Local governments in Yunnan province are keen to pursue opportunities arising from the Belt and Road Initiative and have strongly advocated for the border economic zones as a part of the CMEC. Local prefecture governments of Lincang, Tengchong, Baoshan and Ruili are playing up these economic development plans to substantiate their ambition to become China’s regional transportation and trade hubs for Southeast Asia, South Asia and the Indian Ocean.

So far there has not been any major reaction from the National League for Democracy government or the Tatmadaw to China’s development plans in the ethnic regions. This is not necessarily surprising: economic development is generally a benevolent concept and it would be politically incorrect for them to be seen to oppose it.
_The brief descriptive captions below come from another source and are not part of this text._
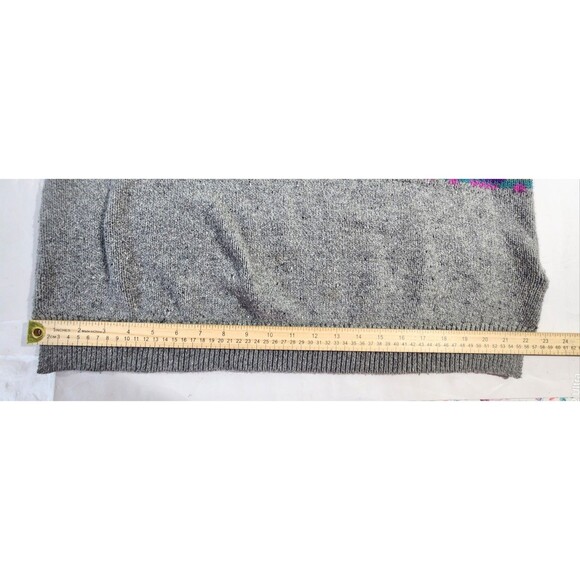 Chaps Fair Isle Sweater XL Cotton Blend Vintage Gray Crew Neck Womens Size 1X - Picture 12 of 15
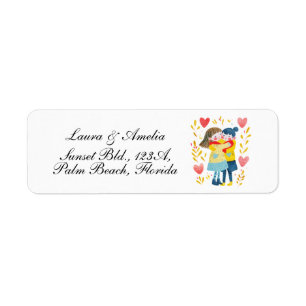 Cute Love & Hearts Women Couple Adresse de retour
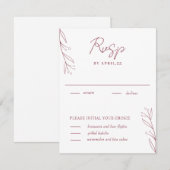 Elegante Minimalistische Botanische Wijnrode RSVP  (Voorkant / Achterkant)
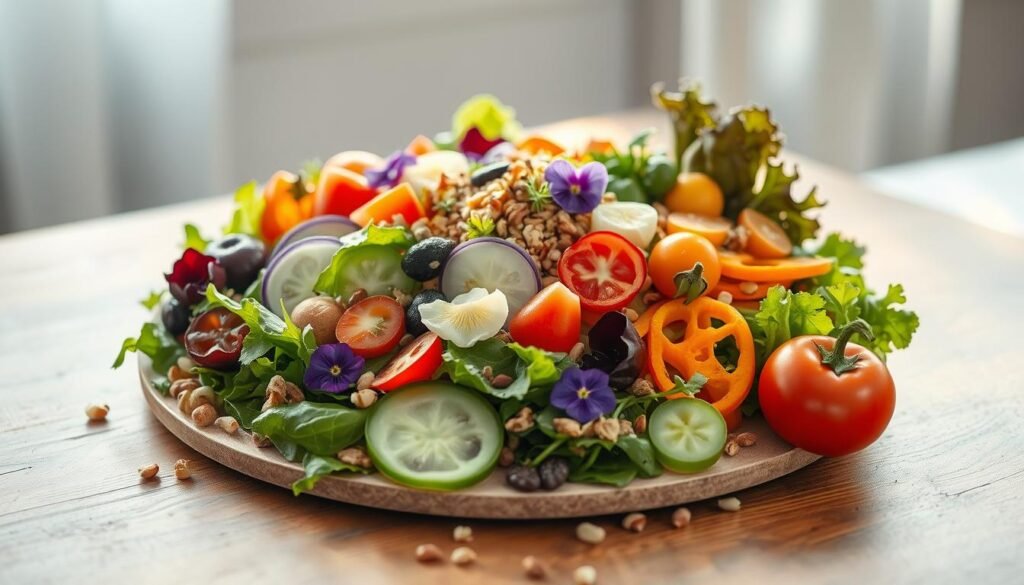 A vibrant assortment of fresh, eye-catching salad ingredients arranged in a visually appealing manner on a wooden table. Sliced vegetables, colorful greens, and various toppings such as nuts, seeds, and edible flowers come together in a harmonious, Instagram-worthy display. Soft, natural lighting casts a warm glow, highlighting the textures and hues of the ingredients. The overall composition is elegant, inviting, and inspires culinary creativity, reflecting the "Creative Salad Combinations and Meal Ideas" section of the article.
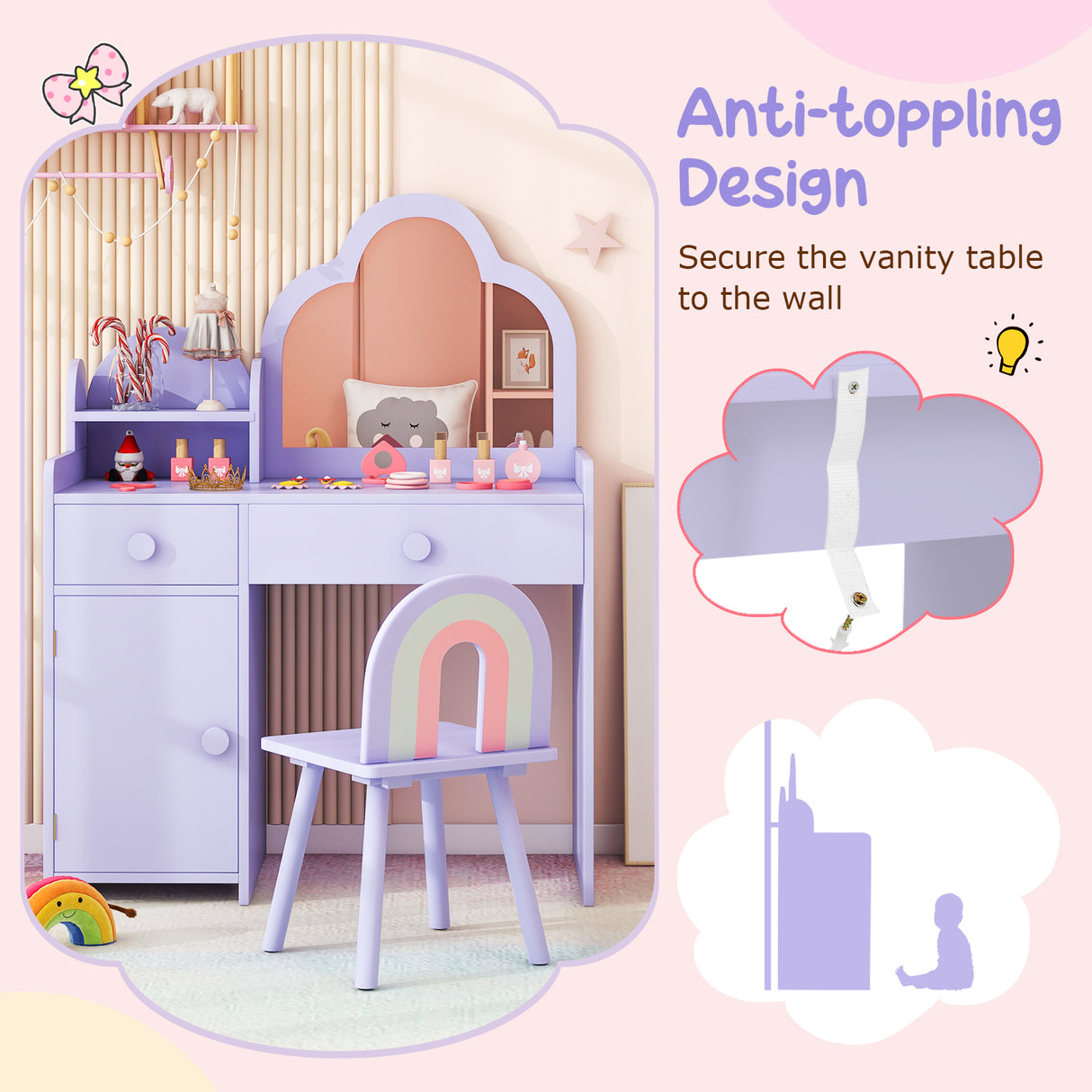 Kids Vanity Table and Chair Set with Cloud-shaped Mirror and Open Shelf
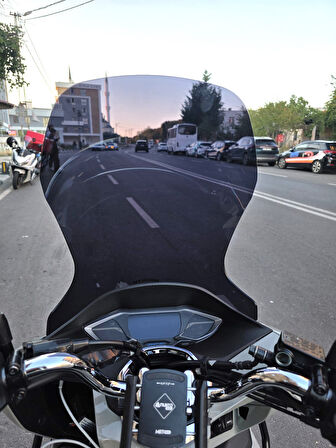 MOTOCAM Honda PCX Siperlik Ön Cam 2021-2024 Model 65cm Siyah Renkli 4mm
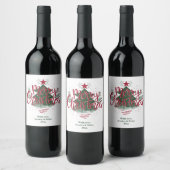 Minimal Merry Christmas Wine label Wijn Etiket (Flessen)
However, one does wonder whether Nay Pyi Taw realizes that China is abandoning its former unofficial and secretive approach to the ethnic armed groups in northern Myanmar and is openly pursuing economic ties that will strengthen their capabilities.

These development plans will tie the ethnic regions even more closely into China’s economic orbit and institutionalise their positions in China’s regional plan. They will consolidate China’s political and security influence over northern Myanmar, and in the Chinese design demonstrate the appeal of Chinese investment in lowland areas such as Yangon and Mandalay. In the deepest Chinese calculations, if lowland Myanmar cannot be completely trusted and counted on, at least China will maintain its solid grip on upland Myanmar.

The conclusion

China is shifting its strategy towards conflict resolution in Myanmar and experimenting with a completely different approach. The approach is embedded in the idea that economic development can have a near-term stabilising effect, and economic integration will bear a long-term dividend in the form of reconciliation. Compared to the elite-centred, top-down style peace negotiations, this development-oriented approach is focused on the people and hopes to create momentum for genuine reconciliation from the bottom-up. The shift represents China’s new strategic calculations, and reflects a consensus in the various Chinese agencies.

Will this approach succeed? Nobody knows. After all, we are yet to see a single civil war that has been resolved successfully through economic development and integration of different communities. The fostering of economic growth runs the risk of emboldening the ethnic armed groups and deepening hostility between ethnic regions and the rest of the country.

Even in China’s own case, economic integration between the mainland and Taiwan has not yet brought the political reconciliation that Beijing desires. China’s record of economic development in ethnic minority areas in Xinjiang and Tibet has not produced peace and stability. But given that other political and military options have been unsuccessful, the longer approach of stabilisation through economic development may not be the worst idea – and certainly deserves the attention of everyone with an interest in Myanmar’s future.